* [INSTRUCTIONS FOR THE TASK]: Using the entries below, copy exactly each line from the line with "El Defensor del" up to and including the line with "Sam's Graces Cafe (Petoskey)", with every picture left out.
======== SUPPLIED DATA ========
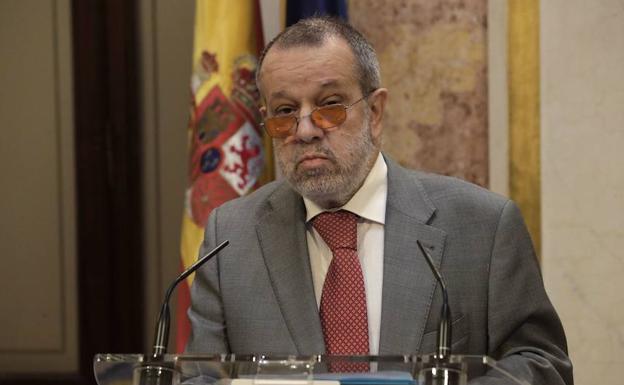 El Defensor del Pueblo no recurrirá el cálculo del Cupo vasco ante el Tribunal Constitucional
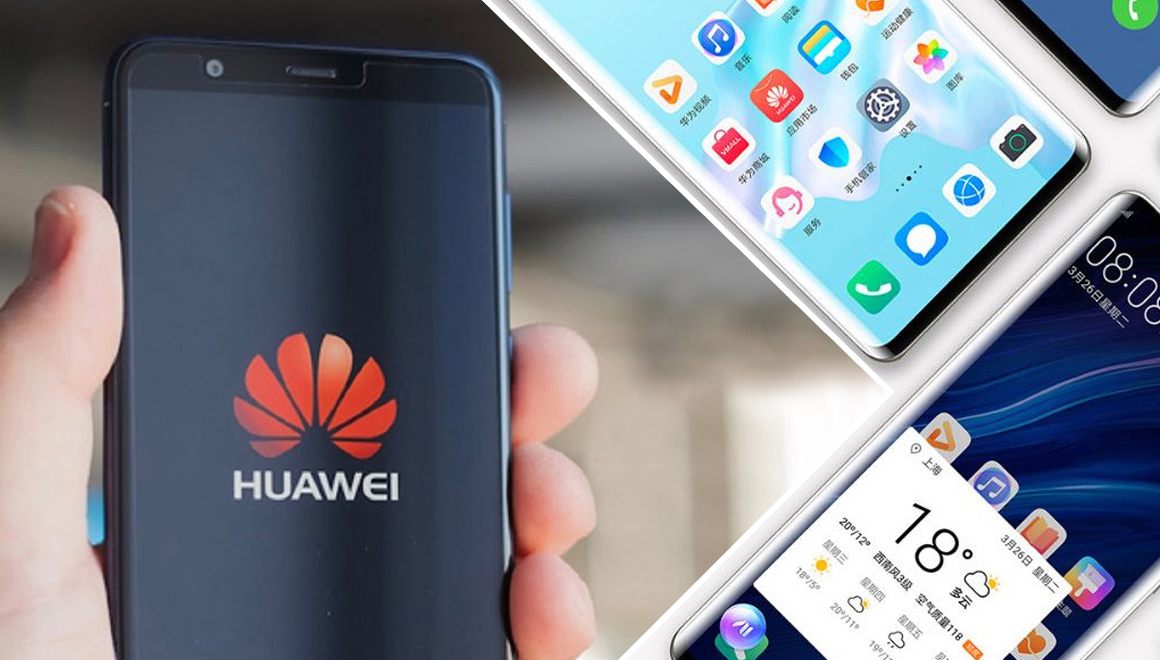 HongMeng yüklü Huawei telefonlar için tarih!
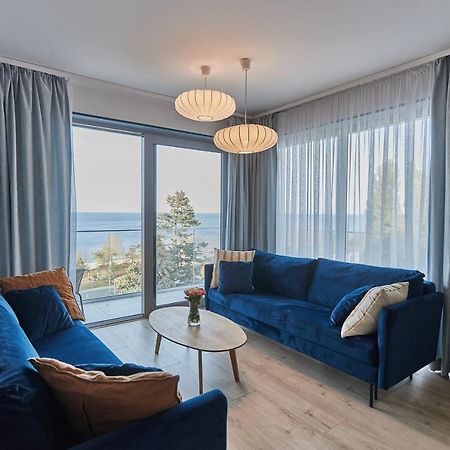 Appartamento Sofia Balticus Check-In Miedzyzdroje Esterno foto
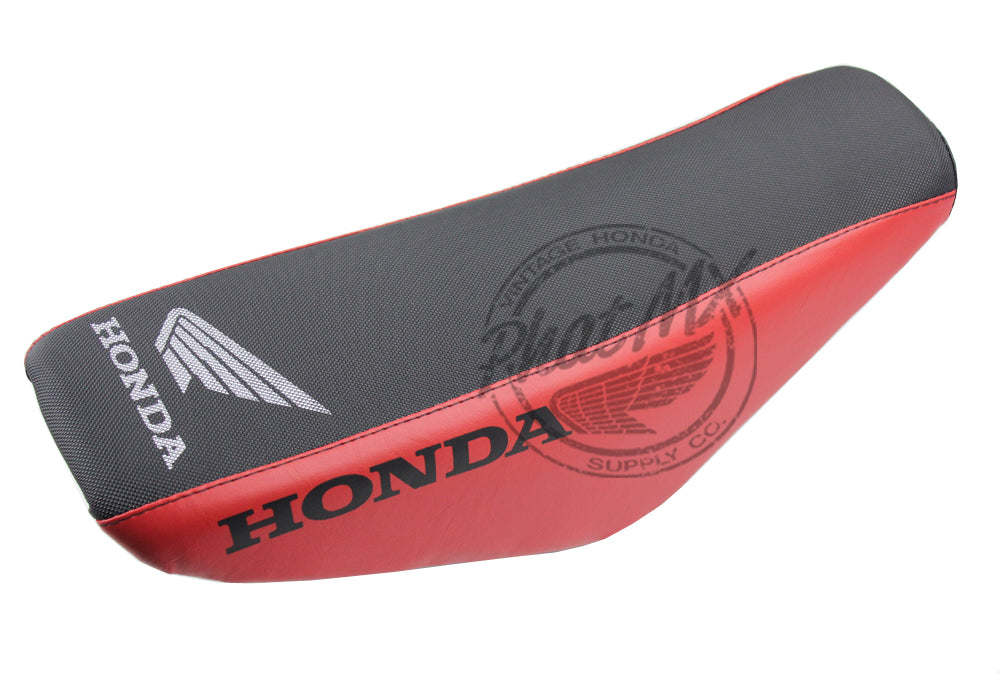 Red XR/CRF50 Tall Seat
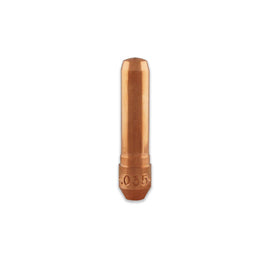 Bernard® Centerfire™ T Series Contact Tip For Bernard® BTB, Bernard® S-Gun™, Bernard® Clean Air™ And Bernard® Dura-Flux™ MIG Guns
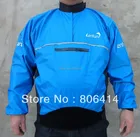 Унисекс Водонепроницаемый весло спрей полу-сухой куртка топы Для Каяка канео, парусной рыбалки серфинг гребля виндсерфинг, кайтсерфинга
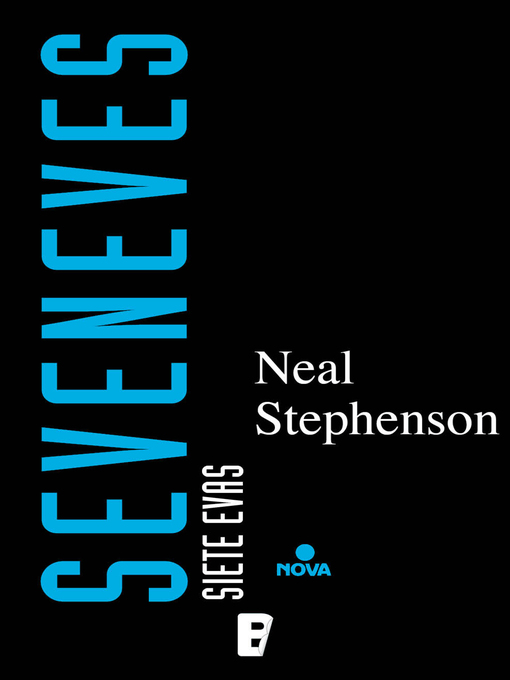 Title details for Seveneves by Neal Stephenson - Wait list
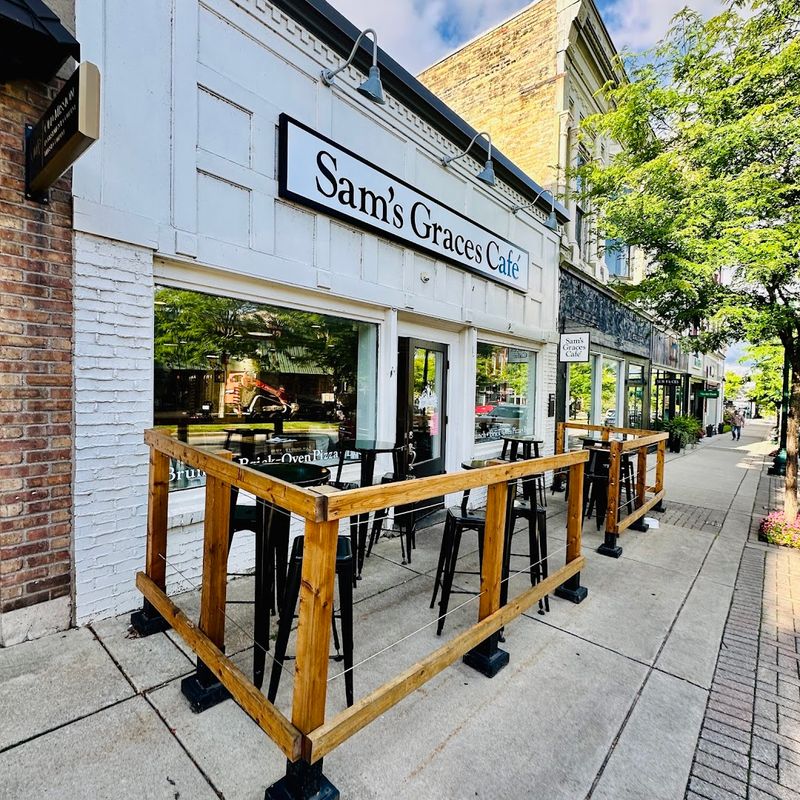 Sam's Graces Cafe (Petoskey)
========
======== SUPPLIED DATA ========
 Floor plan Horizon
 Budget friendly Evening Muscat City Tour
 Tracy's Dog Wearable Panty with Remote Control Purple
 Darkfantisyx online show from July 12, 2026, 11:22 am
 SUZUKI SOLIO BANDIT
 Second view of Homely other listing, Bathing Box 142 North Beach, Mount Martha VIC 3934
========
======== SUPPLIED DATA ========
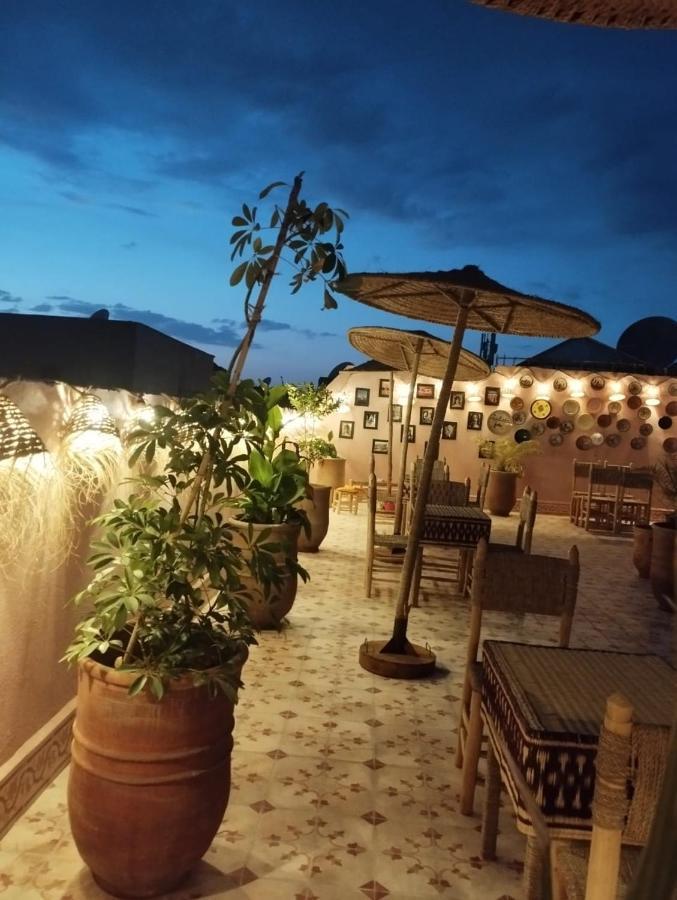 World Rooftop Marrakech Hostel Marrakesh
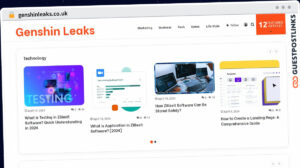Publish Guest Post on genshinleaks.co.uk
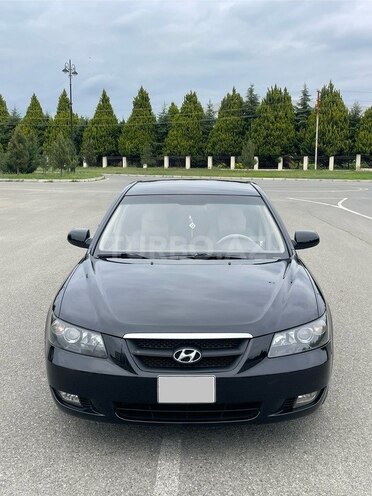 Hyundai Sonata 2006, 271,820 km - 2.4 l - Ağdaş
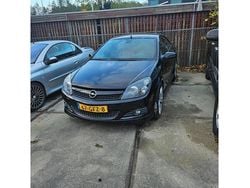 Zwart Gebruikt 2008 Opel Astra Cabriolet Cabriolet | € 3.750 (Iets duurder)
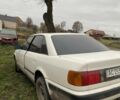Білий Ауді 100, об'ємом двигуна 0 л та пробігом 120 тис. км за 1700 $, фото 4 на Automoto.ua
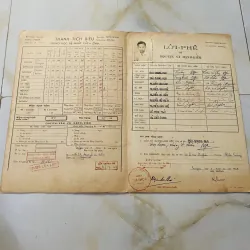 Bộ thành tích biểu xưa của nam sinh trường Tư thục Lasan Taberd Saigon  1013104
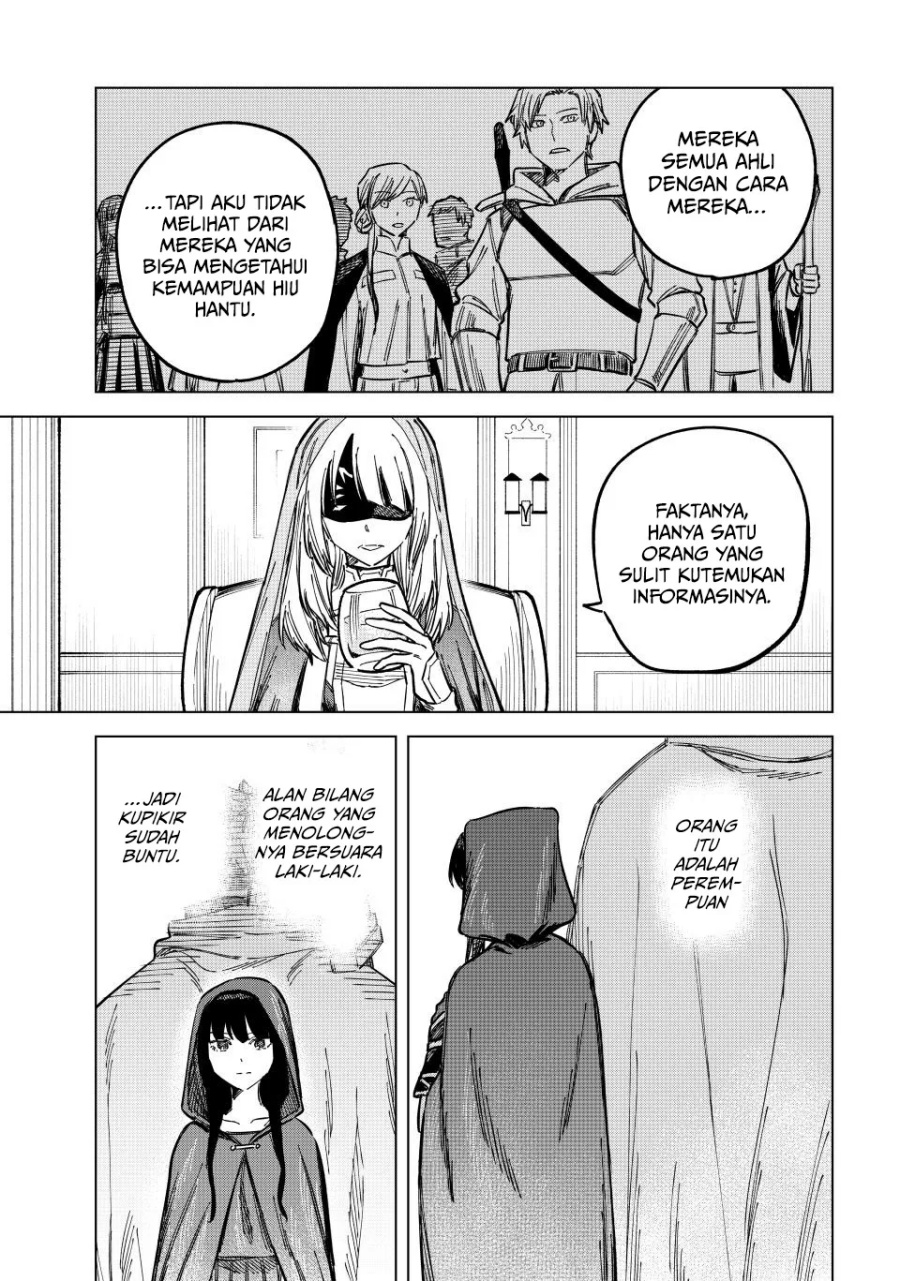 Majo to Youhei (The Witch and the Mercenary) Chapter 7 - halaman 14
========
* [ANSWER AREA]:
 El Defensor del Pueblo no recurrirá el cálculo del Cupo vasco ante el Tribunal Constitucional
 HongMeng yüklü Huawei telefonlar için tarih!
 Appartamento Sofia Balticus Check-In Miedzyzdroje Esterno foto
 Red XR/CRF50 Tall Seat
 Bernard® Centerfire™ T Series Contact Tip For Bernard® BTB, Bernard® S-Gun™, Bernard® Clean Air™ And Bernard® Dura-Flux™ MIG Guns
 Унисекс Водонепроницаемый весло спрей полу-сухой куртка топы Для Каяка канео, парусной рыбалки серфинг гребля виндсерфинг, кайтсерфинга
 Title details for Seveneves by Neal Stephenson - Wait list
 Sam's Graces Cafe (Petoskey)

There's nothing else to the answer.